Alexander Wallace sides with the outcasts...

It wasn’t until about halfway through reading Walkaway by Cory Doctorow did I see the sheer brilliance of the cover art. It’s of a woman walking away from a house in flames, a course of action which is completely rational. Who wouldn’t try to save their own life when their surroundings are ablaze? I then thought of the common metaphor to describe living in our own twenty-first century, which falls so short of the optimistic visions of the future that the writers of the twentieth century dreamed up: the dumpster fire. That image conjures something that was already terrible and now in the process of destroying itself. The woman on the cover art seems to be doing so not in urgency or in fear, but rather in a self-assured confidence, not unlike an action hero from an explosion in a Michael Bay film. She’s not merely leaving; she’s doing it with gusto.

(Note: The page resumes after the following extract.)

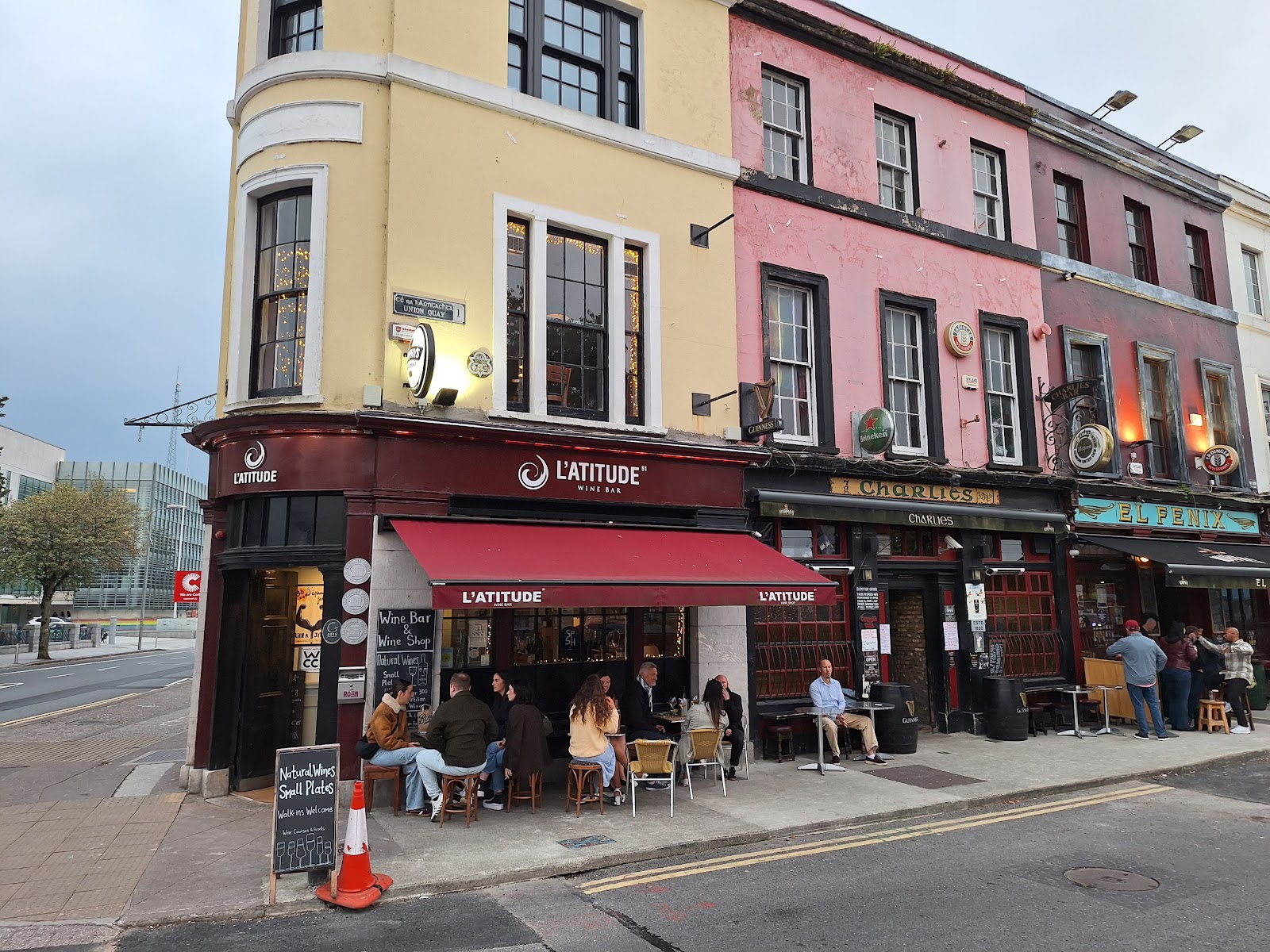 L'Atitude 51 Wine Cafe photo 3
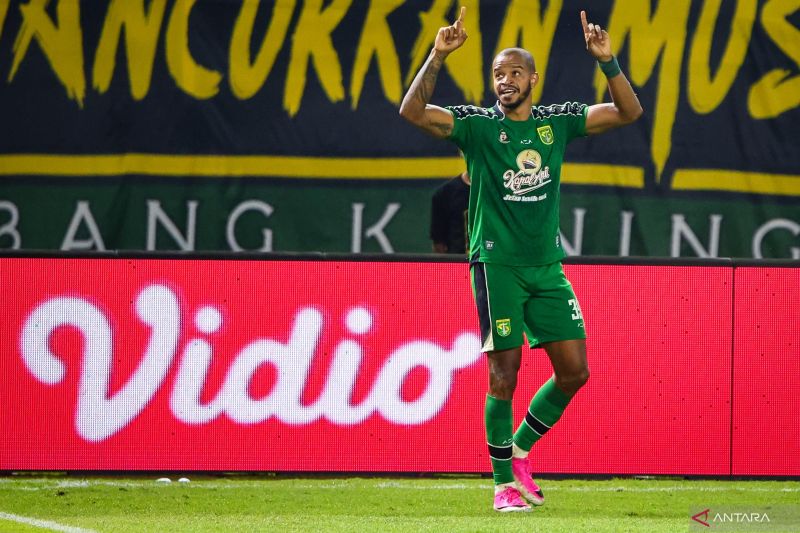 Bertengger di Puncak Klasemen, Persebaya Akhiri Perlawana...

The book itself concerns the efforts of a group of outcasts from ‘default’ society as they try to perpetuate their communal subculture in the face of industrial states that despise their very existence, as the persistence of an alternative merely highlights their own flaws. For most of Walkaway, that industrial state is Cory Doctorow’s native Canada; the book is largely set in Toronto or rural parts of Ontario. Rest assured, within its pages America is faring no better in the bits set there, and things don’t look much happier in the rest of the world.

The characters are a reasonable cross-section of the different sorts of disaffected people that would want to ‘walk away’ from everything (hence the title). You have the alienated daughter of Toronto high society that is disgusted by the cruelty of their business, to name but one. It’s a book that, in my mind, captured a lot of the last decade’s zeitgeist as experienced by young people without established careers.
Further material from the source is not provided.